2. Prepare for prolonged, persistent study and practice.
“Lincoln’s ability to write the eloquent prose for which he became famous developed over time, gradually enhanced through strenuous practice and constantly reinforced through his active reading habits. After Lincoln’s death, his stepmother recalled Lincoln’s fascination with words and their meaning when he was young: ‘Abe read all the books he could lay his hands on — and when he came across a passage that struck him he would write it down on boards if he had no paper & keep it there till he did get paper — then he would re-write it — look at it repeat it — He had a copy book — a kind of scrap book in which he would put down all things and this preserved them.’”
- Reap the rewards of self-study.
“Lincoln’s writing skills in his mature years were primarily influenced by his youthful reading habits. His early reading tended to be intensive rather than extensive. Since books were scarce on the frontier, he would have read a few books more than once, memorizing much of what he read.”
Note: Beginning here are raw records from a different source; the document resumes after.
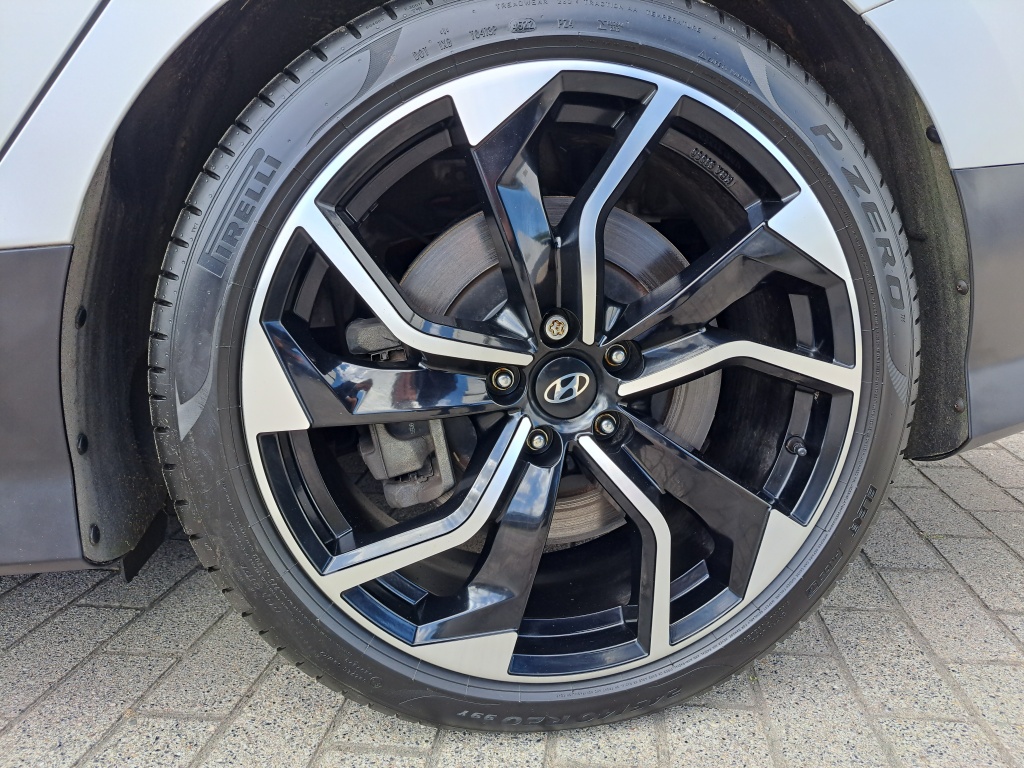 Hyundai Ioniq 6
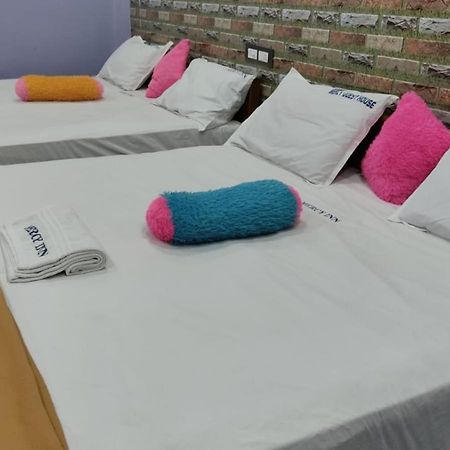 Mercy Inn Ченнаи Экстерьер фото
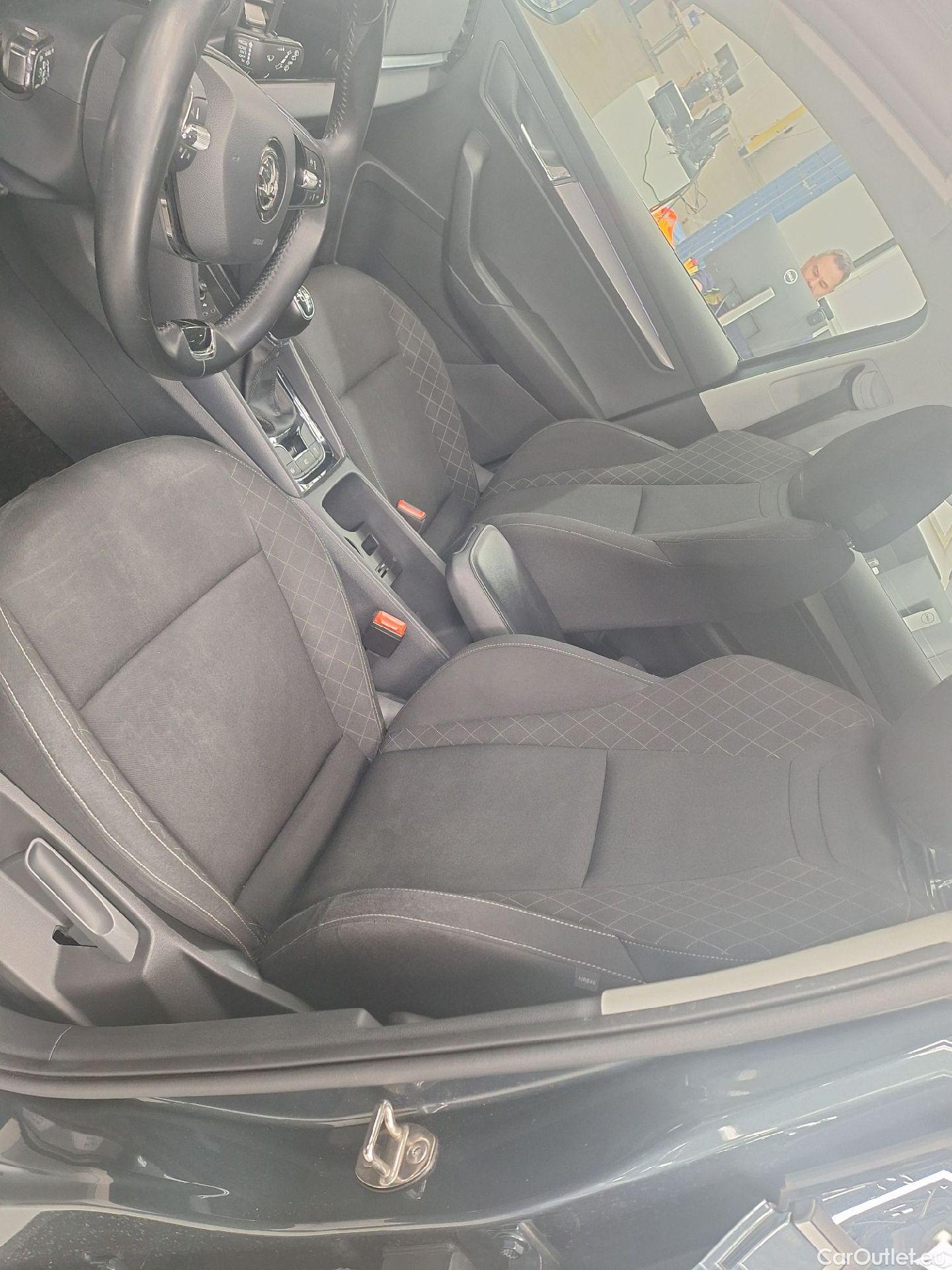  Skoda  Karoq Skoda,  '17, Skoda  1.0 TSI 85kW Ambition 5d #27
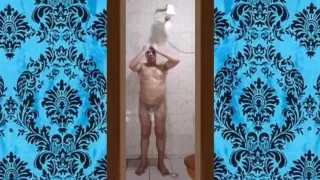 O Meu Banho Gostoso Com o Pau Duro 010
- Practice, practice, and practice.
“Lincoln spoke not only from conviction but also from personal experience. In regard to writing — even writing about writing — Lincoln stands as one of its most inspired practitioners. From his earliest scribblings as a teenager to his final memoranda on the day he went to Ford’s Theatre, Abraham Lincoln may have spent more time writing — most of it wisely and memorably — than performing any other task.”
- Success and eloquence.
“No American president before or since has faced the problems that confronted Abraham Lincoln when he took office in 1861. Nor has any president expressed himself with such eloquence on issues of great moment. Lincoln’s writings reveal the depth of his thought and feeling and the sincerity of his convictions as he weighed the cost of freedom and preserving the Union.”
In summary, Abraham Lincoln is an inspiration to us as both readers and writers. His desire to learn, his willingness to overcome adversity, his determination to practice and improve himself, should inspire us to never stop reading and learning, and to never stop writing and practicing.
Addendum: When I began writing this post, I set out to review Lincoln’s reading habits. What I came away with was a new-found respect for someone with a humble beginning who, through self-study and diligence, achieved success that blessed an entire country. The information created the shape of the post.
If this self-study program sounds vaguely familiar, check last Sunday’s post, and go back and reread the second section (Self-study) of Chapter 5 (Keys to a Winning System) of How to Make a Living as a Writer, James Scott Bell.
Okay, TKZ community, it’s your turn.
- What writer(s) has (have) most inspired you to read/learn/write?
- How do you divide your time between reading nonfiction and fiction?
- What one area of writing do you intend to focus on and study in 2022?